Orchestrator

You may also be looking for the WikiFunctions function-orchestrator.

Orchestrator is a service for managing mysql cluster replication. The data-persistence SRE team currently hosts a read-only deployment of it within WMF, replacing the old Tendril/Dbtree.

Operations

Current deployment

It's publicly accessible as https://orchestrator.wikimedia.org/ (this requires NDA)

It runs on dborch1001.eqiad.wmnet, a Ganeti VM. It's backend database is named orchestrator, and it lives on db2093.codfw.wmnet (the db_inventory node in codfw, see T266003 for the background).

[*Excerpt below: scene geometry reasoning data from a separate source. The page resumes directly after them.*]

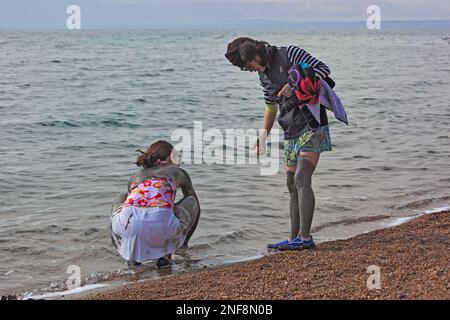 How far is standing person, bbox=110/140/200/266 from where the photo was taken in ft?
18.4

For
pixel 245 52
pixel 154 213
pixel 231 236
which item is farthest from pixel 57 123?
pixel 245 52

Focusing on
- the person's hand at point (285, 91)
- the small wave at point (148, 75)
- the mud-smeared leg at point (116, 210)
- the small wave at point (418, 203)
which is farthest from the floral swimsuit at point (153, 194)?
the small wave at point (148, 75)

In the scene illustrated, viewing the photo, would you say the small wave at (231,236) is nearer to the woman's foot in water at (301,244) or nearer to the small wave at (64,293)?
the woman's foot in water at (301,244)

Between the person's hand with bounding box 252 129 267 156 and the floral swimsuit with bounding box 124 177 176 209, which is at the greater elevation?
the person's hand with bounding box 252 129 267 156

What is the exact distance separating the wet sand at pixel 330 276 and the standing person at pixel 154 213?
31 cm

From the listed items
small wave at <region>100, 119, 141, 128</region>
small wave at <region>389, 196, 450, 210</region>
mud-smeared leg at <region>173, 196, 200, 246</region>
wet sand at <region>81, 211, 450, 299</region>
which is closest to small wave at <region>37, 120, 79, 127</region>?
small wave at <region>100, 119, 141, 128</region>

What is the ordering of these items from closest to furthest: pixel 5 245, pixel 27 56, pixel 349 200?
pixel 5 245
pixel 349 200
pixel 27 56

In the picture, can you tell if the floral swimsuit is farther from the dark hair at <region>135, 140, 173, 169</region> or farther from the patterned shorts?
the patterned shorts

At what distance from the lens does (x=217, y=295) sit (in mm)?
4504

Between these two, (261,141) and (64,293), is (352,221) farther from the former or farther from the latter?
(64,293)

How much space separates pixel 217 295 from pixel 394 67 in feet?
99.5

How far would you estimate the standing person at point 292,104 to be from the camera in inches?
210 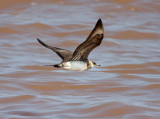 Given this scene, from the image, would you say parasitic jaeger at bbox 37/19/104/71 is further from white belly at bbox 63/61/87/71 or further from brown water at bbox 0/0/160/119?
brown water at bbox 0/0/160/119

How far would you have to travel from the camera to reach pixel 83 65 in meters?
7.61

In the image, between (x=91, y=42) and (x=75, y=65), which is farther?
(x=75, y=65)

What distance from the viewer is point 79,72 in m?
10.3

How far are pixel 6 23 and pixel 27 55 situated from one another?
9.41 feet

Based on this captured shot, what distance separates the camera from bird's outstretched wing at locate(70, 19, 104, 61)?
265 inches

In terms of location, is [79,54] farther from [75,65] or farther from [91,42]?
[91,42]

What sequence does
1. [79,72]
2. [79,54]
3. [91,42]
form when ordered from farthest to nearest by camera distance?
[79,72] → [79,54] → [91,42]

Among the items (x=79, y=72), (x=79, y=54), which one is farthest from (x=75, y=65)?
(x=79, y=72)

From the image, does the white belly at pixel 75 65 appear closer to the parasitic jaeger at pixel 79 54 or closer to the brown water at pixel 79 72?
the parasitic jaeger at pixel 79 54

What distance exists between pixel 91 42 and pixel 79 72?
337 cm

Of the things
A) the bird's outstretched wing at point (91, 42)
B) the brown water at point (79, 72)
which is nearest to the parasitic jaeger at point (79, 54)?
the bird's outstretched wing at point (91, 42)

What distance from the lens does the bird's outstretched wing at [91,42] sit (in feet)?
22.1

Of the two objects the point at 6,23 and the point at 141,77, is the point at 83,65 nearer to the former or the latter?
the point at 141,77

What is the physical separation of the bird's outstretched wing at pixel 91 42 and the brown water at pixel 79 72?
0.93m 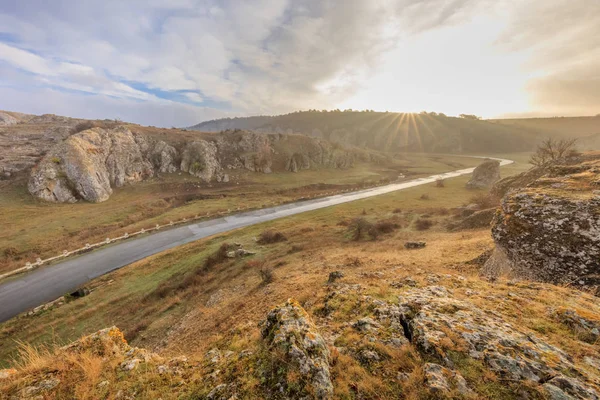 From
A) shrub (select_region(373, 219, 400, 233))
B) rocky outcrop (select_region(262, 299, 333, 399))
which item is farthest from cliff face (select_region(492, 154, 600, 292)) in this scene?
shrub (select_region(373, 219, 400, 233))

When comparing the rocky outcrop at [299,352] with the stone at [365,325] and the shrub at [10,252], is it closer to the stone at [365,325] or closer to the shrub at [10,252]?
the stone at [365,325]

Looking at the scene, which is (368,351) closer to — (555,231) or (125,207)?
(555,231)

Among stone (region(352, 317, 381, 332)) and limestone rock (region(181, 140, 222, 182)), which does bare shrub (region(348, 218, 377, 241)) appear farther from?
limestone rock (region(181, 140, 222, 182))

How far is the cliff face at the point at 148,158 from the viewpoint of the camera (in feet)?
198

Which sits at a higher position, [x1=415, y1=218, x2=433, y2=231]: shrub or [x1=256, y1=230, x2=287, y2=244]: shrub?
[x1=415, y1=218, x2=433, y2=231]: shrub

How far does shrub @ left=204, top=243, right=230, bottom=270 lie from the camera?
29.7m

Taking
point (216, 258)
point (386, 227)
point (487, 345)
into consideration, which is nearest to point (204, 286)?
point (216, 258)

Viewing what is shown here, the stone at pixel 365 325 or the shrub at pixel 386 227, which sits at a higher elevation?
the stone at pixel 365 325

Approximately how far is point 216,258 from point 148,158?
7083 centimetres

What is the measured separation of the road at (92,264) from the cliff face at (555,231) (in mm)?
42397

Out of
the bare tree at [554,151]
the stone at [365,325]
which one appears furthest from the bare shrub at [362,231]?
the bare tree at [554,151]

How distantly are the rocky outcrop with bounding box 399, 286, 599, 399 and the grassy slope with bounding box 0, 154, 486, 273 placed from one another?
50.3 metres

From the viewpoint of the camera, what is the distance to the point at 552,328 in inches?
274

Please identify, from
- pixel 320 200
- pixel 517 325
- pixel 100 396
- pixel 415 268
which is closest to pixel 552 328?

Adding a section to orchestrator

Deploy the orchestrator grants to the section (modules/role/templates/mariadb/grants/orchestrator.sql.erb in the puppet repo). This should be done on the active DC's primary instance, and also on both DC's sanitarium hosts.
Clean up the heartbeat table so that there's no stale entries.
1. E.g. run this against all instances individually: set session sql_log_bin=0; delete from heartbeat where server_id=171974662 limit 1
Add the primary instance to orchestrator.
1. Ssh to the dborch node, and run sudo orchestrator -c discover -i FQDN
2. N.B. it needs to be the FQDN of the instance.

Upgrading orchestrator

Orchestrator automatically deploys schema changes when it gets upgraded. It tracks these in the orchestrator_db_deployments table. On startup it will check to see if the current version number is in that table, and if not it will perform all schema changes. It will not detect if a later version has been deployed. This means that we need a full backup of the orchestrator database before doing an upgrade, as otherwise we do not have a way to rollback.

On dborch1001:

Update apt, so the new package is available: sudo apt update
Stop orchestrator: sudo systemctl stop orchestrator
Take a backup of the orchestrator backend database: sudo mysqldump --defaults-file=/etc/mysql/orchestrator_srv.cnf --ssl -h db2093.codfw.wmnet orchestrator > orchestrator.sql.$(date +"%Y-%m-%d")
Upgrade the orchestrator packages: sudo apt install orchestrator orchestrator-client

Test that the orchestrator binary works from the cmdline:

$ sudo orchestrator -c clusters-alias
2021-10-14 14:03:12 DEBUG Connected to orchestrator backend: orchestrator_srv:?@tcp(db2093.codfw.wmnet:3306)/orchestrator?timeout=1s
2021-10-14 14:03:12 DEBUG Orchestrator pool SetMaxOpenConns: 128
2021-10-14 14:03:12 DEBUG Initializing orchestrator
2021-10-14 14:03:12 INFO Connecting to backend db2093.codfw.wmnet:3306: maxConnections: 128, maxIdleConns: 32
db1103.eqiad.wmnet:3306	x1
db1104.eqiad.wmnet:3306	s8
db1107.eqiad.wmnet:3306	m3
...

Start orchestrator: sudo systemctl start orchestrator

Test that orchestrator-client works:

$ orchestrator-client -c clusters-alias
db1103.eqiad.wmnet:3306,x1
db1104.eqiad.wmnet:3306,s8
db1107.eqiad.wmnet:3306,m3
...

Test that the web u/i works.

If a rollback is needed, unfortunately there's no good story. You need to have (or rebuild) the previous version of the orchestrator packages, and upload them to apt.wm.o, and go from there.

Packaging

Updating orchestrator packaging to a new upstream version

Check out the orchestrator package repo: https://gerrit.wikimedia.org/r/admin/repos/operations/debs/orchestrator
On the master branch, run ./debian/repack v$VER. Note the leading v in the upstream version umber. This will create a tarball in the current directory.
Move the tarball out of the git working dir: mv orchestrator_$VER.orig.tar.xz ..
Import it: gbp import-orig ../orchestrator_$VER.orig.tar.xz. This will add a commit to the upstream branch a new upstream/$VER tag referencing it. It will then merge the new upstream branch into master.
Push these new branches directly to gerrit, as they are not reviewable:
1. git checkout upstream; git push; git push origin upstream/$VER
2. git checkout master; git push
Create a debian changelog entry for the new version: dch -D bullseye-wikimedia --force-distribution -v $VER-1. If you forget to do this, trying to build a package will fail horribly with dpkg-source: error: unrepresentable changes to source
Test building the package to make sure that still works, and then send a CR for review with your changes.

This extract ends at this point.